A line qualifies if it holds the string "Custom". Copy every qualifying line from the records.

## INFORMATION PROVIDED
=====

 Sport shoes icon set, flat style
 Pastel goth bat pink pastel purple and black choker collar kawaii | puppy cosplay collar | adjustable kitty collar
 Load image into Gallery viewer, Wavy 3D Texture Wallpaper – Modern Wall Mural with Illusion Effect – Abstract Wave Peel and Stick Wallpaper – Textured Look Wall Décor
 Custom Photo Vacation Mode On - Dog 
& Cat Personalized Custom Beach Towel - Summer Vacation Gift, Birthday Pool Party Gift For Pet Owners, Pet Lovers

=====

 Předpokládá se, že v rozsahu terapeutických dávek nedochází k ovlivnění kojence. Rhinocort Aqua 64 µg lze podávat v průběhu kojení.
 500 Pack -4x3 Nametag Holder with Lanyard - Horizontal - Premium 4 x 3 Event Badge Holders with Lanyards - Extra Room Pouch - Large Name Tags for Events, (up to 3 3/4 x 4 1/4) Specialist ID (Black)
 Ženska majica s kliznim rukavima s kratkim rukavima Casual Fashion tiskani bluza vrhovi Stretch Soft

=====

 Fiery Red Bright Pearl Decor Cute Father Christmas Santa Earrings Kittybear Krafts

=====

## TASK RESULT
 Custom Photo Vacation Mode On - Dog 
& Cat Personalized Custom Beach Towel - Summer Vacation Gift, Birthday Pool Party Gift For Pet Owners, Pet Lovers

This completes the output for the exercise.